Po ostatnim meczu z Nielbą Wągrowiec w stosunku do szczypiornistów z Kwidzyna pojawiły się jednak pojedyncze głosy krytyki. Co prawda kwidzynianie odnieśli zwycięstwo, ale w słabym stylu. - Zdecydowanie Nielba rzuciła nam zbyt wiele bramek. Myślę jednak, że wynikało to z naszej słabszej postawy tego dnia w obronie, bo w ataku graliśmy dobrze i przede wszystkim skutecznie - tłumaczy Peret, dodając po chwili. - Do tej pory defensywa była naszą bardzo mocną stroną i oby tak zostało.

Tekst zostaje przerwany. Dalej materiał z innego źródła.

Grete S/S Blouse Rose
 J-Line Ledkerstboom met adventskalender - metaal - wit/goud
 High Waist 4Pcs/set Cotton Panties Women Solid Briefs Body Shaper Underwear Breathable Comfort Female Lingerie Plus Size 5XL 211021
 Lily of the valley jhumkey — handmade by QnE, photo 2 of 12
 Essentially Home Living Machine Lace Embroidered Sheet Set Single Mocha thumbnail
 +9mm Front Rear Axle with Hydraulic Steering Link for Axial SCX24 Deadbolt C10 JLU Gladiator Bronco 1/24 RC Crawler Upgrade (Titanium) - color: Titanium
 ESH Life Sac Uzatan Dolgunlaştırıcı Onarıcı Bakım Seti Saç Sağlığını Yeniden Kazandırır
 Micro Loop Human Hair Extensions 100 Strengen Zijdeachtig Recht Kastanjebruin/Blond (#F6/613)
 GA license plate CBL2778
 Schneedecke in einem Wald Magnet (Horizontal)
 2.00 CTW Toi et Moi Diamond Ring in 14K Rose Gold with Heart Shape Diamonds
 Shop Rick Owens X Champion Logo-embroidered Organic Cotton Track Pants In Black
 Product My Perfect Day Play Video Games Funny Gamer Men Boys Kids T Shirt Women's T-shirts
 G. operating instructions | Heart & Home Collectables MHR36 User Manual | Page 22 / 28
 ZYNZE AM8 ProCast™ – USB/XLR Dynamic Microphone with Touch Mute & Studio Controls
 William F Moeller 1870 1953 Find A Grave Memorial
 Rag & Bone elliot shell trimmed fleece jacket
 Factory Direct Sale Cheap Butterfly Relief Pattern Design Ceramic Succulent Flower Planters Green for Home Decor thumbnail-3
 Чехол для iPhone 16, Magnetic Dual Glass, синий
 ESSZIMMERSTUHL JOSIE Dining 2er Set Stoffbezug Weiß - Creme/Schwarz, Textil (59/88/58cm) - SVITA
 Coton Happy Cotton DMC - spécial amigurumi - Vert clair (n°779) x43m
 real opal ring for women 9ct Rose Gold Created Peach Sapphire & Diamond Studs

Sezon zasadniczy zbliża się ku końcowi. Celem kwidzynian na najbliższe spotkania jest utrzymanie trzeciej pozycji w tabeli. - Wiemy o co gramy. Zdajemy sobie również sprawę z tego, jak dobra jest trzecia lokata w kontekście pozycji wyjściowej przed fazą play-off. Nasze aspiracje w tym sezonie to minimum brąz, a może trochę więcej. Myślę, że perspektywa założenia kolejnego medalu na szyję to wystarczająca motywacja dla nas zawodników, jak i dla kadry szkoleniowej. Zrobimy wszystko, żeby tak się stało - zapewnia Peret.